Review: Nine Inch Nails at 1STBANK Center, 11/13/13
NINE INCH NAILS at 1STBANK CENTER | 11/13/13
From the very beginning, a Nine Inch Nails show creates a different kind of space, a heightened reality, accompanied by an unsurpassed light show. A pulsing low end preceded the band taking the stage, and the six distinctive lighting rigs above each of the players came to life and the band went straight into "Copy of A" from Hesitation Marks. The almost retro synth beat felt urgent and haunting in a way we haven't heard before this album. Sounding like one of Reznor's most discretely layered songs, it also had a spare, even stark, physical presence that was like a palette cleanser for what was to come.
For the rest of the show, Reznor and company treated us to a broad spectrum of the band's back catalog, going back to 1989's Pretty Hate Machine, which happened surprisingly early on when the familiar pre-song textures of "Terrible Lie" came over the P.A. Live.
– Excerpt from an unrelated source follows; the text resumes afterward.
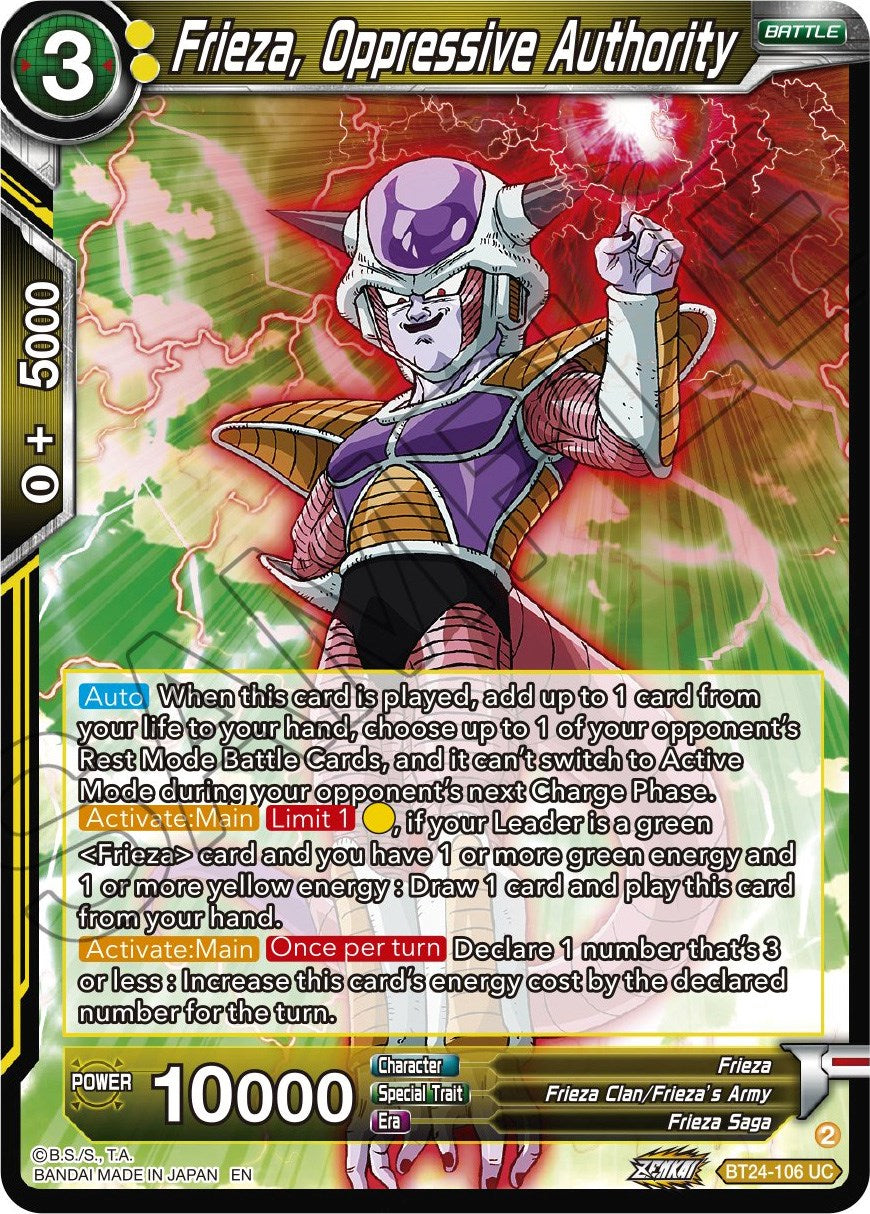 Frieza, Oppressive Authority (BT24-106) [Beyond Generations] | Tables and Towers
The song seemed far more crushing and menacing, while even more polished and rendered more smoothly than on record.
In actuality, there's just nothing smooth about the song, but the reworking just enhanced its jagged edges. So when "March of the Pigs" followed with its joyous sense of pure mayhem, the crowd was amped up and singing along; it was like a glorious train wreck following a riveting car crash. All of it concluded, as though a chapter in the show, with the lurid jazz/funk of "Piggy."
The next five songs, all from Hesitation Marks served as a fine showcase for the diverse, sonically rich and inventive album, from the mutant funk of "All Time Low," to the urgent IDM-esque beat intro of "Disappointed," to hybrid ambient-industrial emotional roller coaster of evocative tones in "Came Back Haunted," to the dark, jazz-inflected downtempo strains of "Various Methods of Escape." The song suite revealed the less harsh side of some of Reznor's songwriting, without losing the emotional edginess.
From there, it was back to older songs, but with each of these, it was like we were getting to see a great live remix. As with "Sanctified," it got the dub and chilled out treatment, musically, but Reznor didn't exactly try to take the thorns and pain out of his vocals. "Survivalism" sounded so oppressive yet heady that it got a little uncomfortable before the song went into direct motion. "Wish," meanwhile, was stretched into an interesting, if recognizable, shape that linked perfectly with the cutting and driving "The Hand That Feeds" that followed.
The main set closed with a song everyone recognized, "Head Like a Hole." Even for those of us who have heard that song ad nauseam for the last two and a half decades or so, it still felt fresh and powerful, and that was because of the energy Reznor and company put into it, while also reworking the song so that it hit harder and more compelling sonic details.